Lo escribí a lápiz en la segunda página del libro, justo arriba a la derecha, con letra menuda y trazo rápido.
El 26 de noviembre de 1999 compré este «nouvelle» en una librería que hoy no existe. El barrio de Prosperidad, casi tampoco. Al menos ya es muy distinto. En la calle López de Hoyos, una de las más extensas de Madrid, tras una comida de menú de 800 pesetas servida en el chino-andaluz cuya camarera de voz ronca servía los platos a una velocidad del diablo y siempre animaba a que pidiéramos melón de postre, reinaba Crisol y su amplia galería de novedades.

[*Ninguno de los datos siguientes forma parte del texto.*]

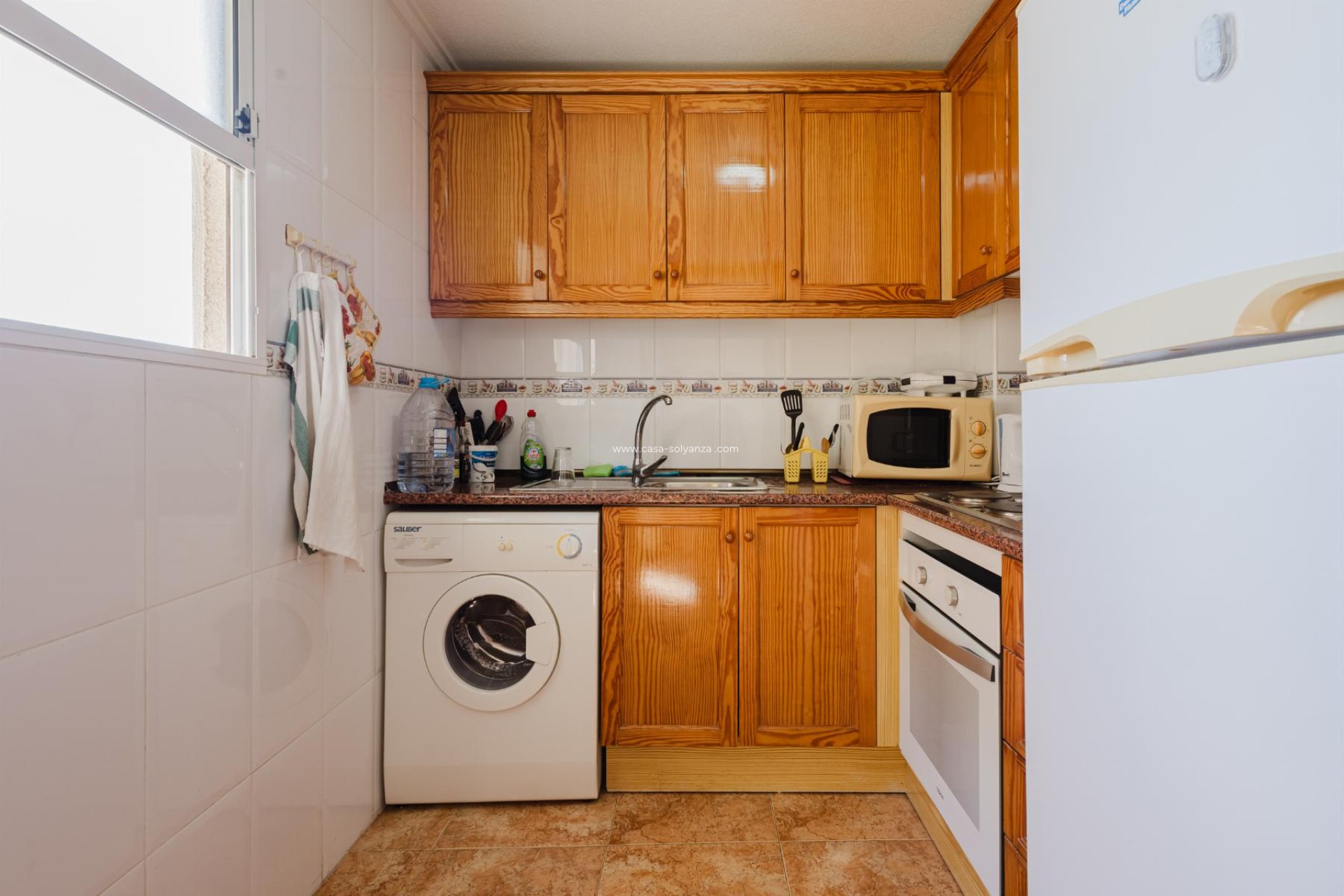 Resale - Apartment / flat - Torrevieja - Playa del Acequión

Se llamaba Carlota Fainberg.
Me sorprendió la foto de Man Ray: su título es Primat de la matière sur la pensèe, 1929. Un hermoso desnudo en blanco y negro que traza una cartografía del deseo. El apellido extranjero también ayudaba a acentuar la fascinación. ¿Quién sería Fainberg? ¿Cuál es su destino? La solvencia narrativa de su autor garantizaba un territorio literario de calidad. Antonio Muñoz Molina sonríe en la solapa. Luce cabello negro, bigote también oscuro, y no figura ni un ligero rastro de canas. Su última obra publicada era Pura alegría, un espléndido festín literario que acababa de disfrutar en esa edad en la que asimilabas cada vez más lo leído.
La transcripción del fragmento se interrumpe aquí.